ACTIVITY: Which lines in the records below contain the word "image"? Copy each of them.

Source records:
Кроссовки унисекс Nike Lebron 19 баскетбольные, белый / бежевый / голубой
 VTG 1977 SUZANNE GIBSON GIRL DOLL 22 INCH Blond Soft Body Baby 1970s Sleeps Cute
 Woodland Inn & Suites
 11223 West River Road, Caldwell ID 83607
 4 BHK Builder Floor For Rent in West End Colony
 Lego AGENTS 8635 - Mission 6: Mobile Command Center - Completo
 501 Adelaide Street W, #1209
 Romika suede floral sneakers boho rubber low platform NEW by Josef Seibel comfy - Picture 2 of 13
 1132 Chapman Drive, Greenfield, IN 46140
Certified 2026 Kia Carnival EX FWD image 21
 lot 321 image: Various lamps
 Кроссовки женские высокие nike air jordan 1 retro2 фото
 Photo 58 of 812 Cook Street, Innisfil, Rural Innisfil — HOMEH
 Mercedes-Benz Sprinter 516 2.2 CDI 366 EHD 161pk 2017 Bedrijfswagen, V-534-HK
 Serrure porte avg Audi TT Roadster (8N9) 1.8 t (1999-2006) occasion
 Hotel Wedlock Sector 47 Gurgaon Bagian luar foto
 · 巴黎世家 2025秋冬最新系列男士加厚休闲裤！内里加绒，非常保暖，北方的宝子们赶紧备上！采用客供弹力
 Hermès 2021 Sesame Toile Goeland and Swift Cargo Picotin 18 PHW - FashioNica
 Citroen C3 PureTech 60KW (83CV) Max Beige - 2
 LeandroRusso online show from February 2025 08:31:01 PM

REPLY:
Certified 2026 Kia Carnival EX FWD image 21
 lot 321 image: Various lamps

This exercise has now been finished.